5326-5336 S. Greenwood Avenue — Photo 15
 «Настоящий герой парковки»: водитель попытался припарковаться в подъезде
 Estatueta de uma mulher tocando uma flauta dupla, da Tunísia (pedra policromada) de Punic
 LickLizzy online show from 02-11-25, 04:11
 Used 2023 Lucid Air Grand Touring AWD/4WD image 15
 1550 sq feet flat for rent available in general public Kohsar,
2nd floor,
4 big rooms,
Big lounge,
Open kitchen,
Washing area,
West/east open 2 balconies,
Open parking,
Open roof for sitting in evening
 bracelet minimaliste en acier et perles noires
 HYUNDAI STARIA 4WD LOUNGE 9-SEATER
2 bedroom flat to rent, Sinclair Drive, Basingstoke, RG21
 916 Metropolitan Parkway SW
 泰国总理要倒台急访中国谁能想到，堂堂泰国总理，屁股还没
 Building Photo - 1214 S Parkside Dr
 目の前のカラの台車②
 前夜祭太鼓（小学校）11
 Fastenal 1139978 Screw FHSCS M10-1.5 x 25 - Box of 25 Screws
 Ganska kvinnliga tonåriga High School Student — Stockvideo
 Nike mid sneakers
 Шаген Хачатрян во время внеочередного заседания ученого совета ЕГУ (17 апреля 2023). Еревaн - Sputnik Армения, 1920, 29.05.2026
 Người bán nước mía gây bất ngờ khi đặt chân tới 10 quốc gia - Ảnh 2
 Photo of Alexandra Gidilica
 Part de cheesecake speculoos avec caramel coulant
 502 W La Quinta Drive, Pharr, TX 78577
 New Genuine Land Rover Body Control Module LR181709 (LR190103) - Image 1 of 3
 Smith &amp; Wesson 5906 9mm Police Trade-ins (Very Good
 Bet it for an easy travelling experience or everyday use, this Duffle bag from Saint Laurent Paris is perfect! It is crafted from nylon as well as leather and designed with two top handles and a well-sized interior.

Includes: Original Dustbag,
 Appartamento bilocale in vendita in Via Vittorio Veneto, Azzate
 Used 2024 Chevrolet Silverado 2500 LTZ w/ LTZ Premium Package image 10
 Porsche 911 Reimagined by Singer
· · · · ·
TO DO
Using the entries above, copy exactly the lines from the one containing "Người bán nước" through the last, both included.

THE ANSWER
 Người bán nước mía gây bất ngờ khi đặt chân tới 10 quốc gia - Ảnh 2
 Photo of Alexandra Gidilica
 Part de cheesecake speculoos avec caramel coulant
 502 W La Quinta Drive, Pharr, TX 78577
 New Genuine Land Rover Body Control Module LR181709 (LR190103) - Image 1 of 3
 Smith &amp; Wesson 5906 9mm Police Trade-ins (Very Good
 Bet it for an easy travelling experience or everyday use, this Duffle bag from Saint Laurent Paris is perfect! It is crafted from nylon as well as leather and designed with two top handles and a well-sized interior.

Includes: Original Dustbag,
 Appartamento bilocale in vendita in Via Vittorio Veneto, Azzate
 Used 2024 Chevrolet Silverado 2500 LTZ w/ LTZ Premium Package image 10
 Porsche 911 Reimagined by Singer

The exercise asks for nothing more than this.